We had thought about venturing out to Ponce City Market, but we knew with kids we’d simply use that time to eat and pay $50 for a sack of Atlanta’s best hamburgers and a milkshake we’d share and feel awful the rest of the afternoon.
Around noon, the rain cleared and the sun popped out. It was spring in Atlanta. Spring is why you live in Atlanta if you can deal with the pollen. But the rain had calmed it, the sun was warm on your face and the damp yards were drying.
I told my eight year old, “Let’s go play basketball.” It was a game she was learning to enjoy like I had at her age.
“No, I want to stay here,” she said.
“We must go. You like basketball and we’ve been inside all day.”
“Fine. Let’s go.”
There’s a goal near our house that belongs to the neighbor who leaves it on the road because it’s one of the few not heavily traveled in Atlanta.
We shot basketball for a good twenty minutes. She loves the game knock out that she plays with her friends during the week and I didn’t let her win for the first 5 games until she beat me for real and was thankful and perturbed.
I said, “All right, let’s play my game. You have to pretend there’s 5 seconds left. I have the ball and am down by a point. You’re guarding me.”
It took some nudging but she came around and tried to steal the ball. I counted down the clock and scored an easy lay up to show her the thrill of a last minute triumph. And then she took the ball and said, “But what’s this? The time was actually wrong. There were three extra seconds.” She missed the shot. And we repeated the countdown.
The grey clouds had moved back in and the wind had picked up blowing the fallen azaleas blooms on the sidewalks. It didn’t faze Katie too much. She wanted to play the countdown game again and I certainly would rather walk home in wet clothes than hurry home to sit more on the couch. I let her have the ball. The goal was regulation height which took some effort from an eight year old. I began the countdown. Each time she missed, she repeated that line with all the life of a determined, pesky and happy 8 year old, “But what’s this?” And she’d use that line until she finally made the shot. It was her way of refusing to admit defeat to me.
“Where did you learn that line, ‘but what’s this?’ I have never heard you use it.”
“It’s all mine.”
Although I believed she picked it up at school, I didn’t argue the point.
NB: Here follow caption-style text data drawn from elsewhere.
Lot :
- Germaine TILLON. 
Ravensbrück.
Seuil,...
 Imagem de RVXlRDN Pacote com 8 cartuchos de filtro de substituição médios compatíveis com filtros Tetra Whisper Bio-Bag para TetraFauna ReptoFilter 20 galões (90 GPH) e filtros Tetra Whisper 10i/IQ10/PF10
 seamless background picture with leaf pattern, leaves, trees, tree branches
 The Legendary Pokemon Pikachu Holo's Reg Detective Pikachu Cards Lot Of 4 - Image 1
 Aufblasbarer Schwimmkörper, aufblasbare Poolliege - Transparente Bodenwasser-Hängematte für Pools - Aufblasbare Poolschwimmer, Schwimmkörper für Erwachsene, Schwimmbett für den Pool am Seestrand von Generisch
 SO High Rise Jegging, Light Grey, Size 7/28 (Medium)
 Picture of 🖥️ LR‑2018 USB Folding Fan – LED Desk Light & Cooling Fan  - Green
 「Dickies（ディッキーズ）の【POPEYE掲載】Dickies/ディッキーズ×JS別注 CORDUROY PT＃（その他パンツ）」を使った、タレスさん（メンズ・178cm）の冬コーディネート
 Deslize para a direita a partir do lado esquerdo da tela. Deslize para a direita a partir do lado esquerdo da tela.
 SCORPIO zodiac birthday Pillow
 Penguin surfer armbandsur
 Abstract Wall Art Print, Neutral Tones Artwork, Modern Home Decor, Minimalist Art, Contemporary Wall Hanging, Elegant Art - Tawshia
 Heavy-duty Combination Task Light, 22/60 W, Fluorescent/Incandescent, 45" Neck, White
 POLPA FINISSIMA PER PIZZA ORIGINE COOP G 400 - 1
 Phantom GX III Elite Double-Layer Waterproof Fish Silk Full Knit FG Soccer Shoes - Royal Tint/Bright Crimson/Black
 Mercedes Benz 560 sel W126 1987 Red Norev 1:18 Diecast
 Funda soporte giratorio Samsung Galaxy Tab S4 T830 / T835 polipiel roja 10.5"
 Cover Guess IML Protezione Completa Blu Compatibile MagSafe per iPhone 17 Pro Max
We walked home in the rain until we got close and we started racing towards the front door. As she was getting close, she zips past me with her famous, “But what’s this?” and runs inside.
And though, of course, she meant nothing theological with those words, I find them to be true to Christian faith. It’s a fine way to look at faith. When defeat swamps our dreams, when we shrink before the mystery of death, when guilt collapses in on us and sadness wanders in like an old friend, God’s story of cross and resurrection calls out to us with a hopeful and pesky refrain, “But what’s this?”